At work we use git, and have an extensive suite of tests for our code, and a set of scripts we use to kick them off manually. Unfortunately, we don't have a nice way to run them automatically.
Here's what I want, described here so I don't forget it. Tomorrow, I'll start looking for something that meets these needs, or can be hacked to do so. Maybe I'll have to implement it all, maybe not.
Here's the sort of workflow I'm looking for.
- Developer pushes something to git repository
- A post-receive hook pushes that commit on to a stack of commits to check for that tree.
- Build bot pops next testable sha1 from the stack
- Build bot checks out the code and runs a test script
- If the test script succeeds, logs that the SHA1 passed tests. Test results are pushed to a webserver for later viewing.

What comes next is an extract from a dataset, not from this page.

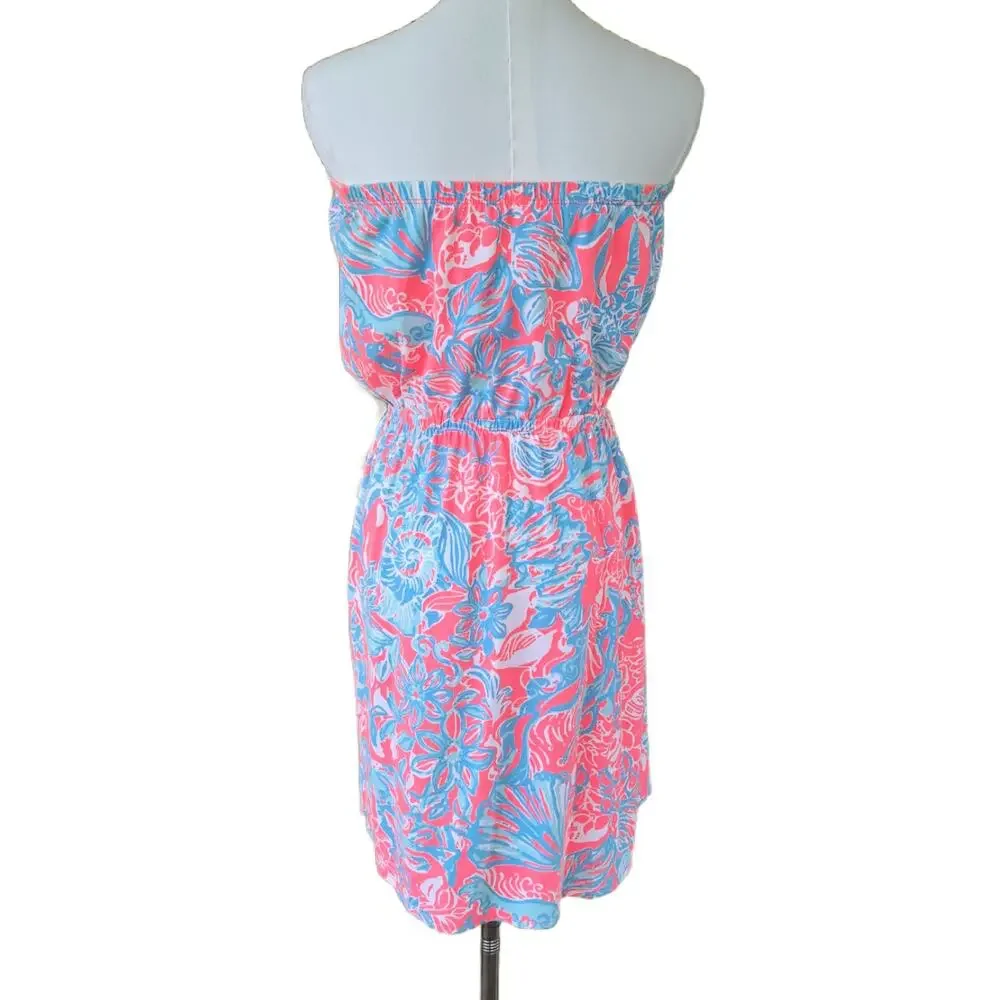 Lilly Pulitzer Windsor Strapless Mini Dress Small Summer Siren Pink Blue Beach - Picture 5 of 8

- If the test script fails, logs the failure. Test results get pushed. Developers get notified.
- After a failure, build bot uses
git bisect
to find a new commit between the last known good and the current. This becomes the next testable commit.
From that I get these requirements
Speaks git. Able to listen for a post-receive hook, check out code, run git bisect, etc.
Can run a test script and check its exit status.
Can retrieve test results in a configurable way.
Can run arbitrary code to log results, notify devs, etc, after a success or failure result.
For extra niceness, should have the ability to run the tests in a VM environment in snapshot mode, so tests are always run clean.